**RECORDS FOR THE TASK:**
————————

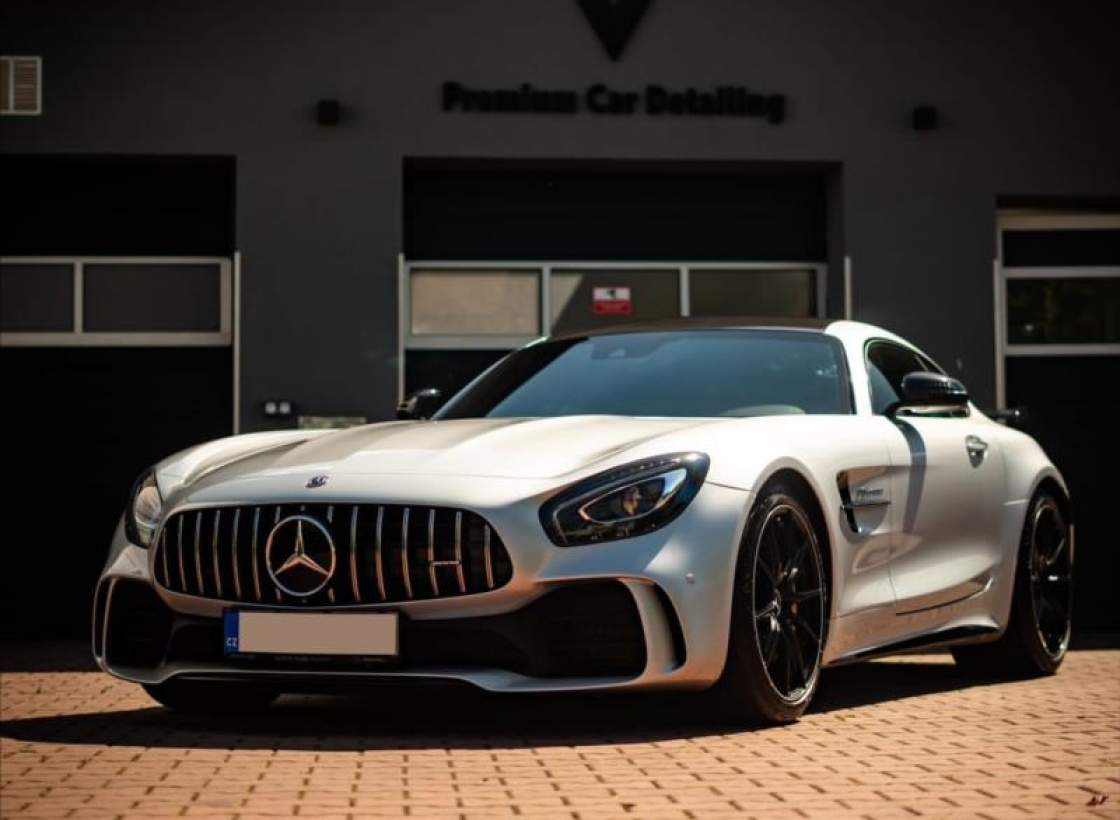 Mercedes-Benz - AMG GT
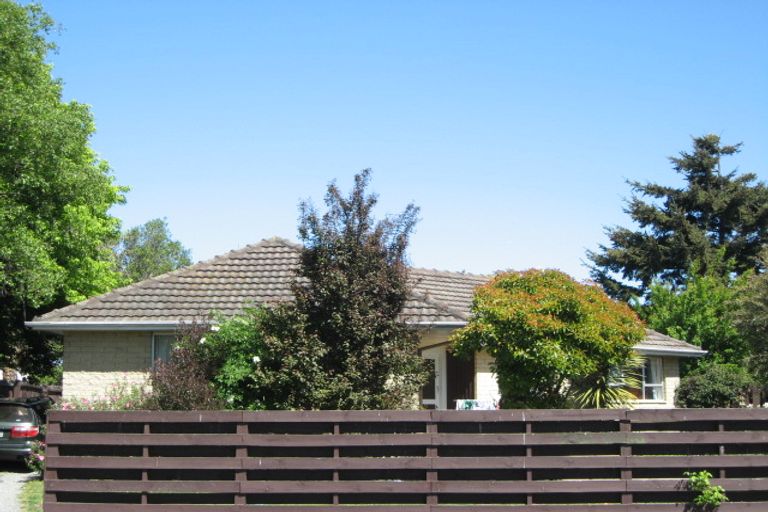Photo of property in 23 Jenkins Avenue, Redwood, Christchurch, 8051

————————

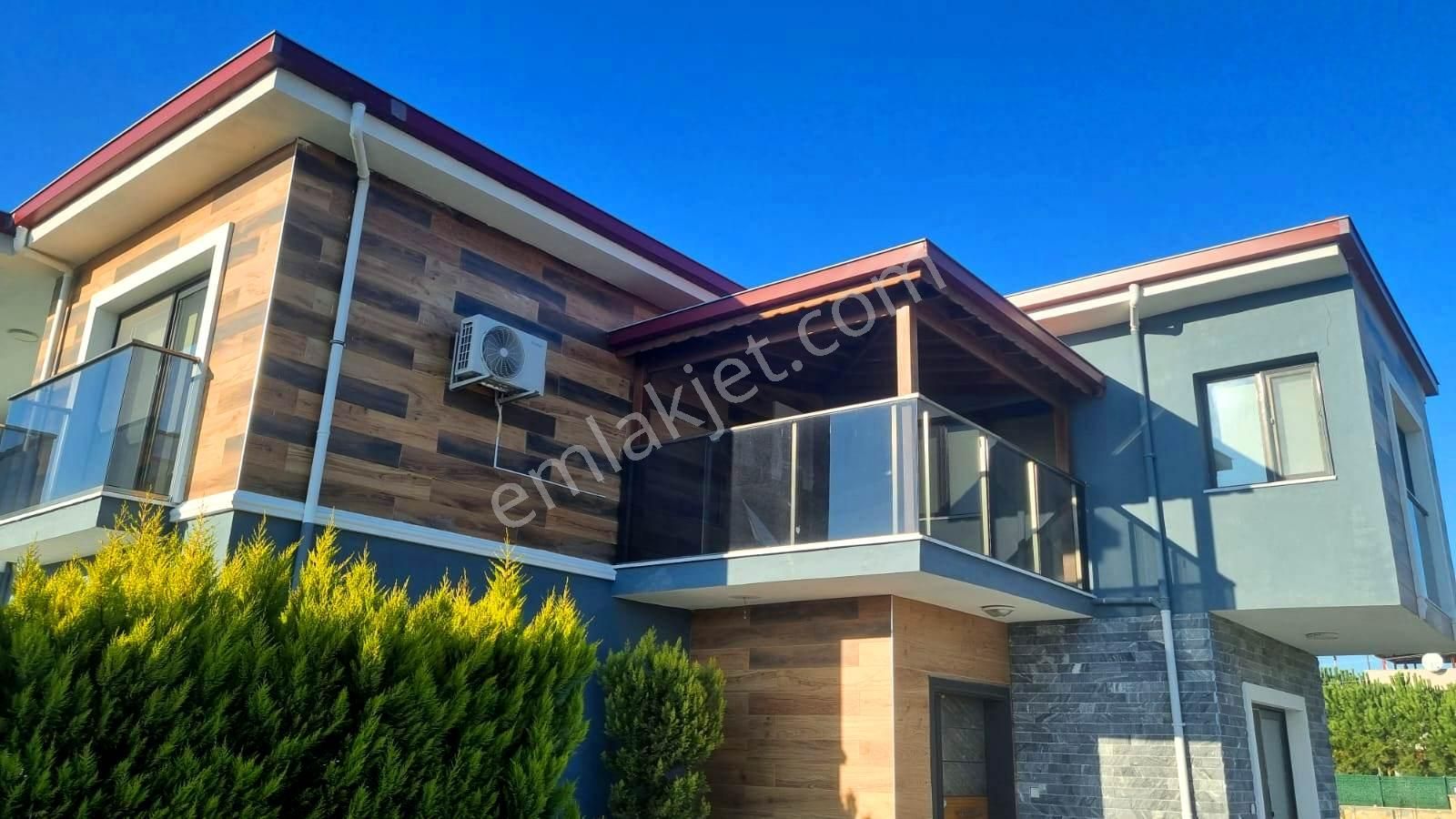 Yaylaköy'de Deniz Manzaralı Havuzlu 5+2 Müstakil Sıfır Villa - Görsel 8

————————

Transcribe, word for word, the stretch of lines in the data above from the one with "Mercedes-Benz - AMG GT" through the one with "Photo of property"; omit all pictures.

**FINISHED EXERCISE:**
 Mercedes-Benz - AMG GT
Photo of property in 23 Jenkins Avenue, Redwood, Christchurch, 8051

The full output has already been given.